#### EXERCISE GOAL
Verbatim copy without pictures. Please print every entry as it stands.

#### Collected data entries
☆ ☆ ☆ ☆ ☆ ☆ ☆
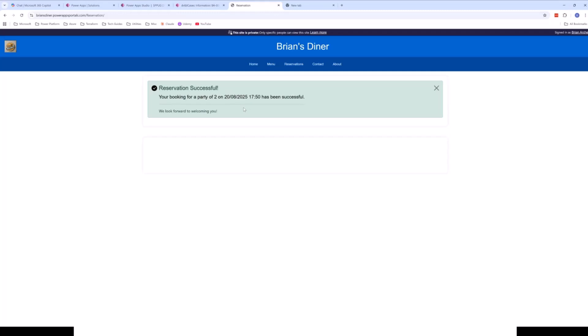This just gives you an idea of how you can customize each element of your Power Pages site — getting really deep into HTML, CSS, and JavaScript to completely customize essentially every aspect of your site.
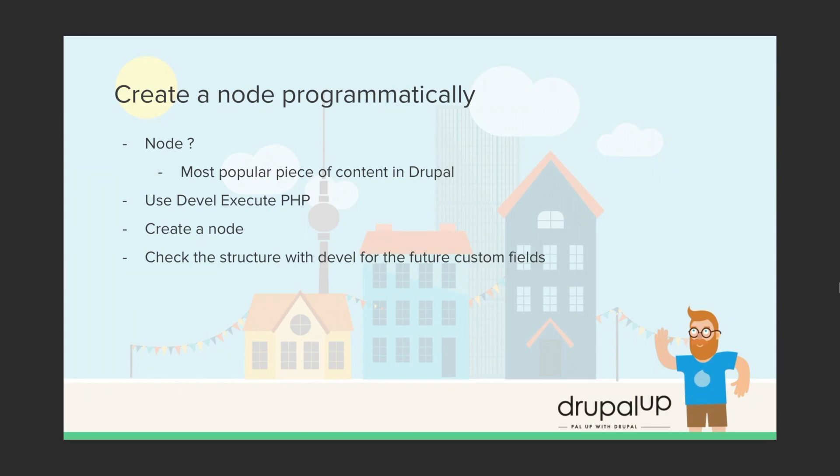In this video we're going to be creating a node programmatically. What is a node? In Drupal, the node is the most popular piece of content.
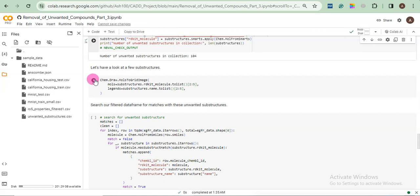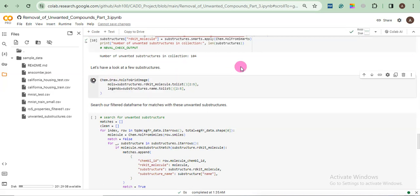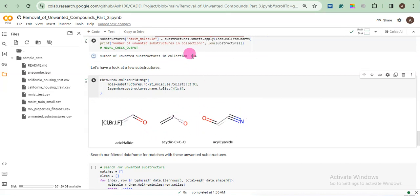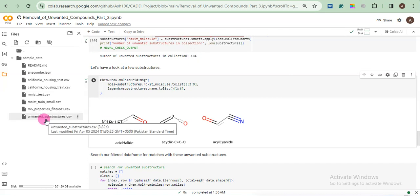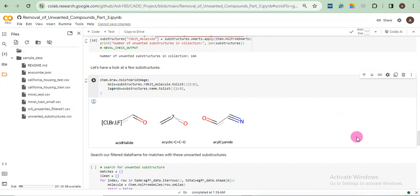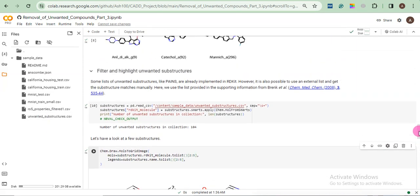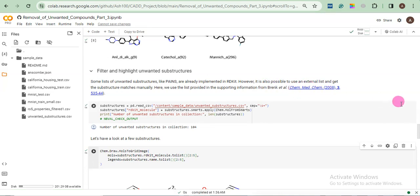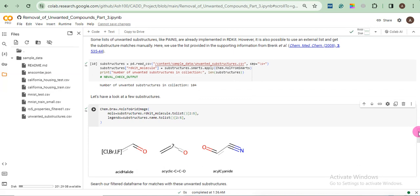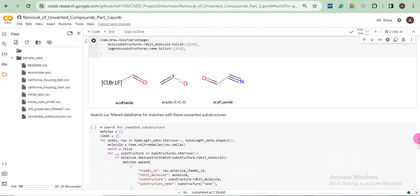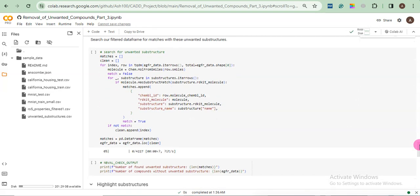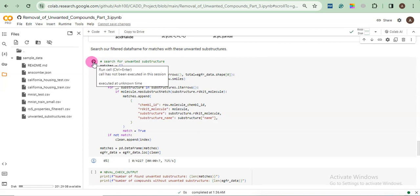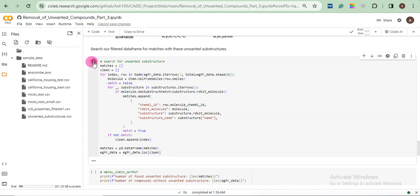Okay. Now we will look at some substructures from the data. You can see. Okay. But remember, these substructures are present in this data which we uploaded and which was collected in this publication. So you can also collect it from there. Doesn't matter. Okay. Now we will search our data for the unwanted substructures.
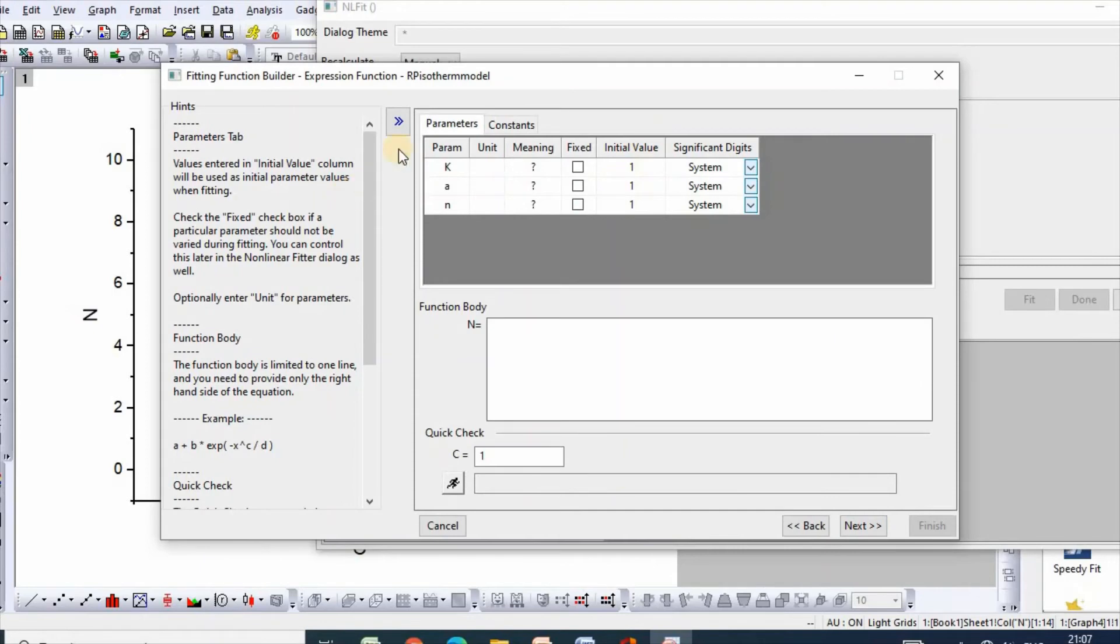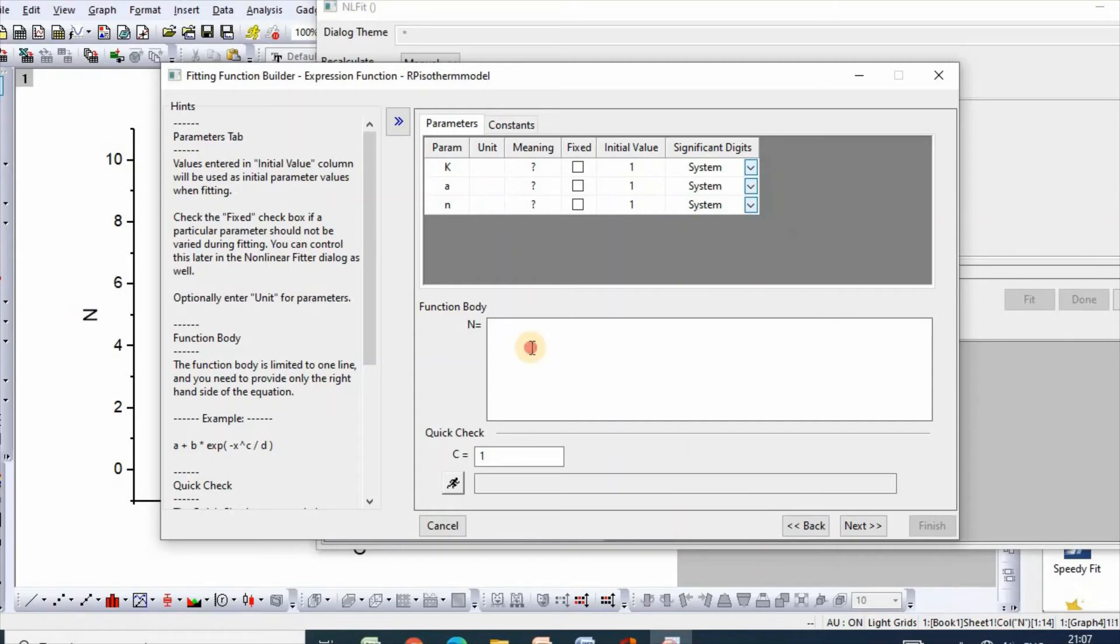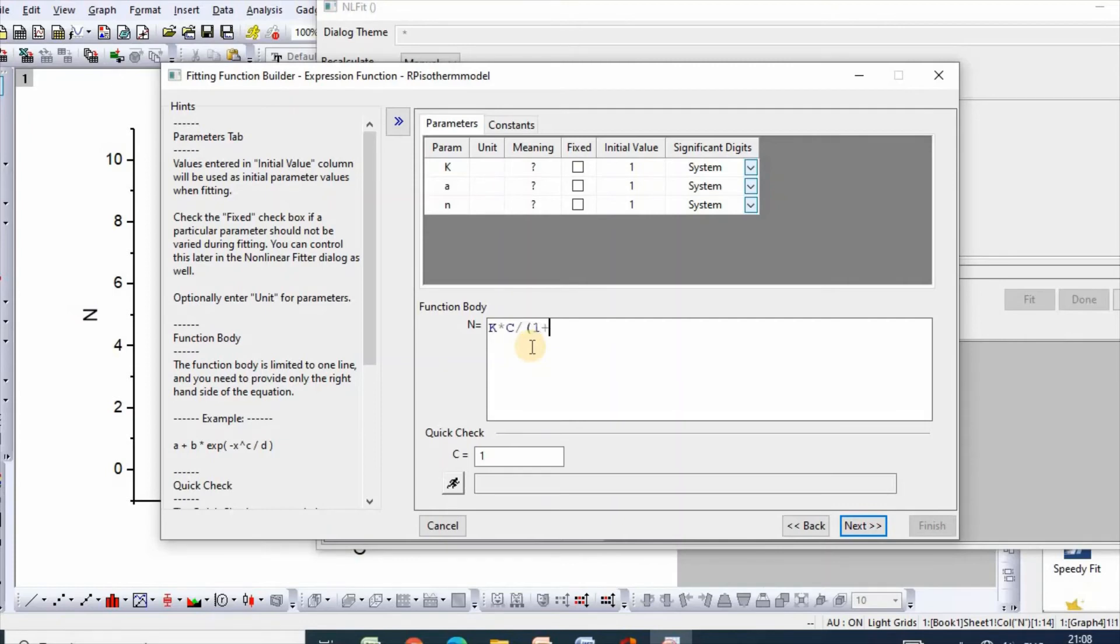Parameters initial value is 1. Then write your function, simply K*C divided by 1 plus a*C to the power n. Here is our function.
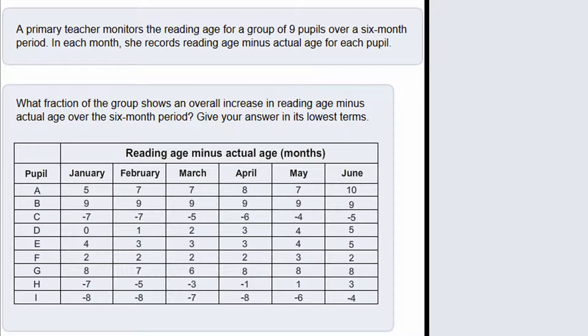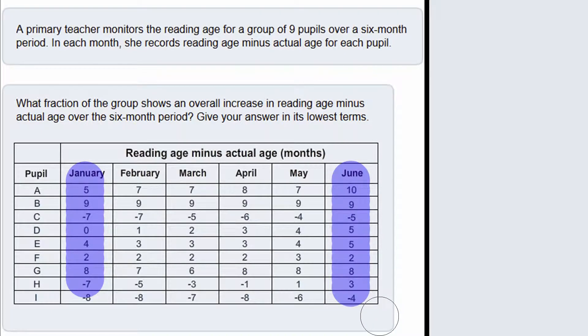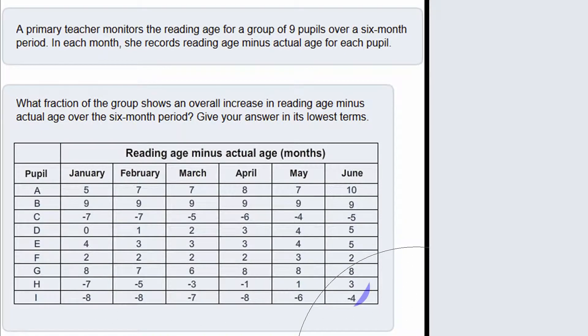If we're only interested in the overall improvement in a 6 month period, we only need to look at the January and the June columns — we can forget everything in between.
☆ ☆ ☆ ☆ ☆ ☆ ☆
#### COMPLETED EXERCISE
This just gives you an idea of how you can customize each element of your Power Pages site — getting really deep into HTML, CSS, and JavaScript to completely customize essentially every aspect of your site.
In this video we're going to be creating a node programmatically. What is a node? In Drupal, the node is the most popular piece of content.
Okay. Now we will look at some substructures from the data. You can see. Okay. But remember, these substructures are present in this data which we uploaded and which was collected in this publication. So you can also collect it from there. Doesn't matter. Okay. Now we will search our data for the unwanted substructures.
Parameters initial value is 1. Then write your function, simply K*C divided by 1 plus a*C to the power n. Here is our function.
If we're only interested in the overall improvement in a 6 month period, we only need to look at the January and the June columns — we can forget everything in between.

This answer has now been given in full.